DATA SHOWN START

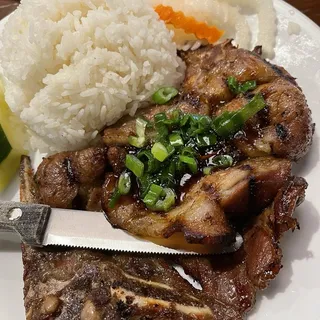 L1. Grilled Pork Chops with Rice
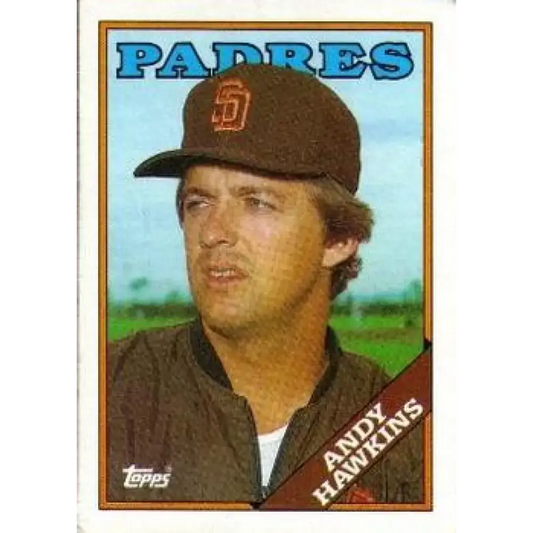 1988 Topps #9 Andy Hawkins NM-MT San Diego Padres Baseball Card - Baseball Card Single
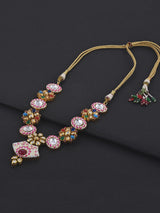 Traditional Navratan And Meenakari Necklace Set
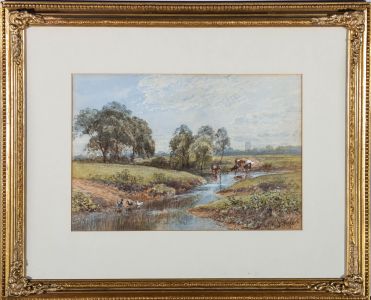 John Syer Jr. (1846-1913) - Signed 20th Century Watercolour, Livestock Grazing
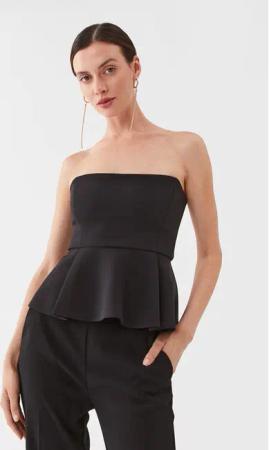 Pinko Bluse Magnetone 101662 A0HC Schwarz Regular Fit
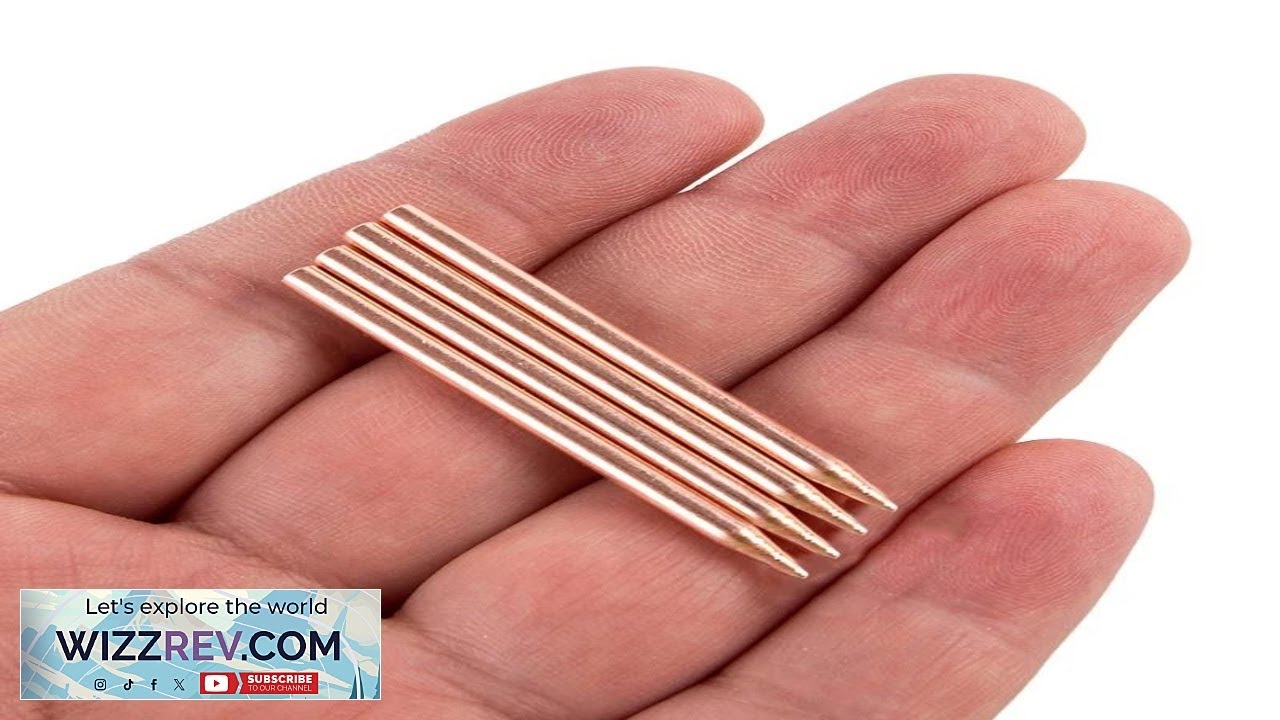 2PCS New 50mm 18650 Lithium Battery Spot Welder Electrode Tip For High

DATA SHOWN END

◆ TASK TO COMPLETE ◆
Write out the data exactly, but not its pictures.

◆ TASK RESULT ◆
 L1. Grilled Pork Chops with Rice
 1988 Topps #9 Andy Hawkins NM-MT San Diego Padres Baseball Card - Baseball Card Single
 Traditional Navratan And Meenakari Necklace Set
 John Syer Jr. (1846-1913) - Signed 20th Century Watercolour, Livestock Grazing
 Pinko Bluse Magnetone 101662 A0HC Schwarz Regular Fit
 2PCS New 50mm 18650 Lithium Battery Spot Welder Electrode Tip For High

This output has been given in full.